▶ Exercise details: Print the line containing "Стрекоза на зеленом листе" and all lines after it, unchanged, through the end of the data. Leave the pictures out.

(Crawled caption data)
__________________________________________________

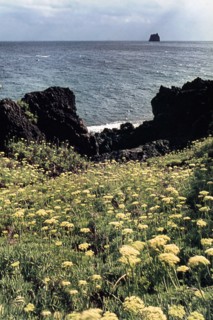 Nature, Italy, region of Sicilia 1975 Isole Eolie, Isola di Stromboli (Aeolian Islands, Stromboli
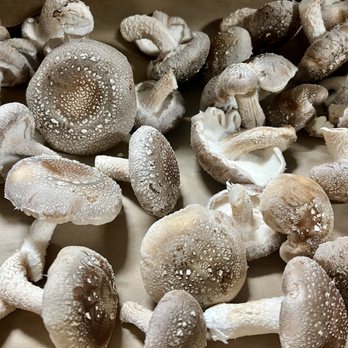 Mycel Mushrooms - Gourmet Shiitake Mushrooms - Specialty Food Near Me - Sandy, Utah Mycel Mushrooms - Gourmet Shiitake Mushrooms - Specialty Food Near Me - Sandy, Utah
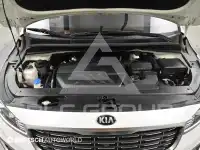 2019 KIA Carnival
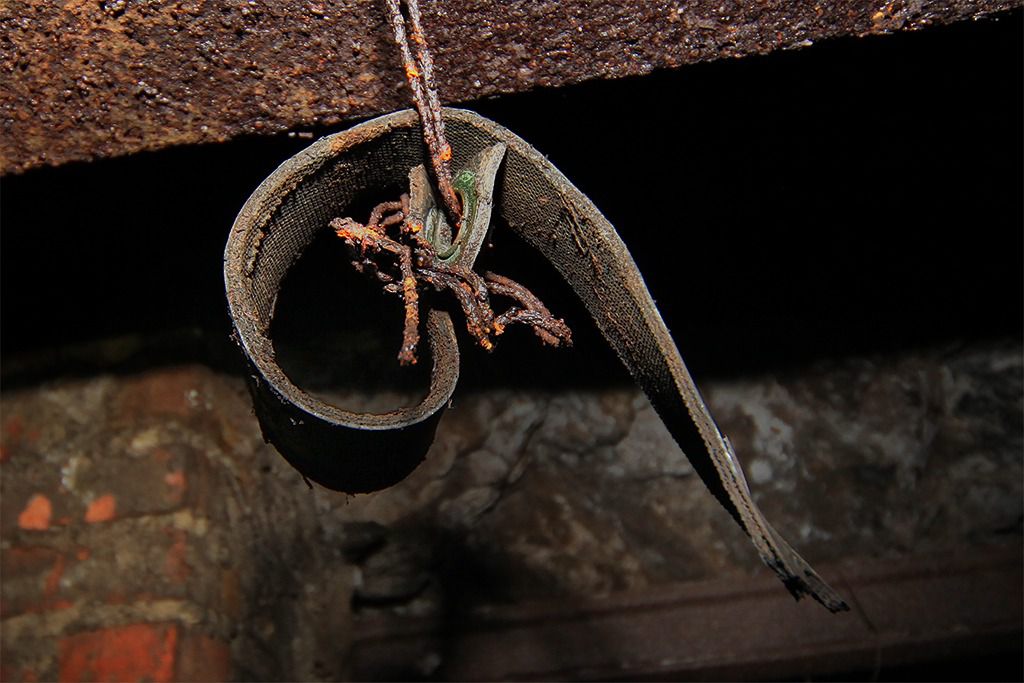 u verlagerung kroete bild u verlagerung kroete bild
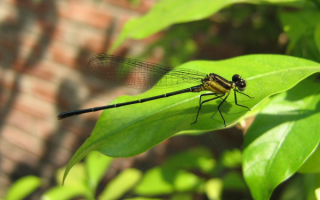 Стрекоза на зеленом листе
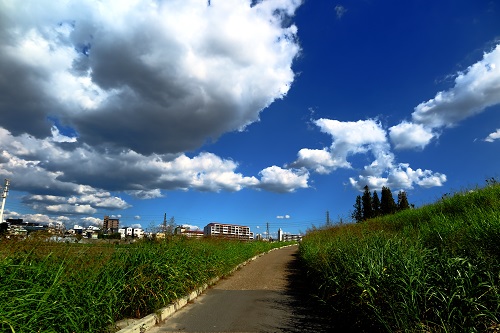 IMG_0151a.jpg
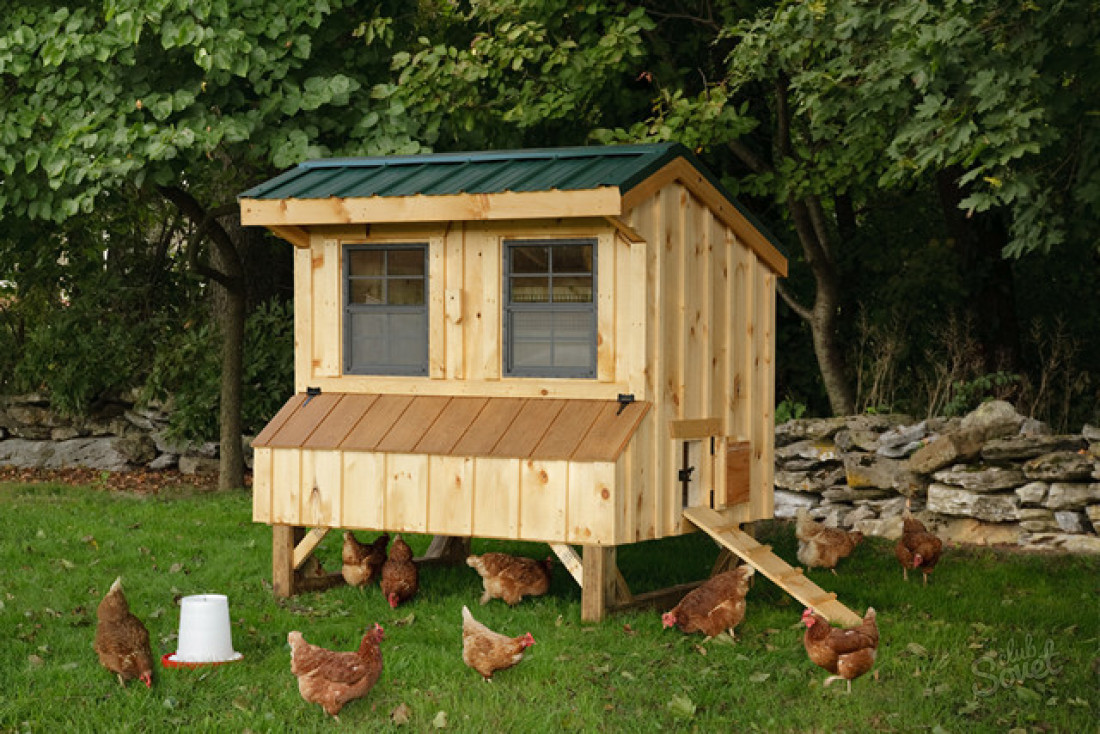 tavuklar için bir kulübe inşa etmek nasıl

__________________________________________________

▶ Your solution:
 Стрекоза на зеленом листе
 IMG_0151a.jpg
 tavuklar için bir kulübe inşa etmek nasıl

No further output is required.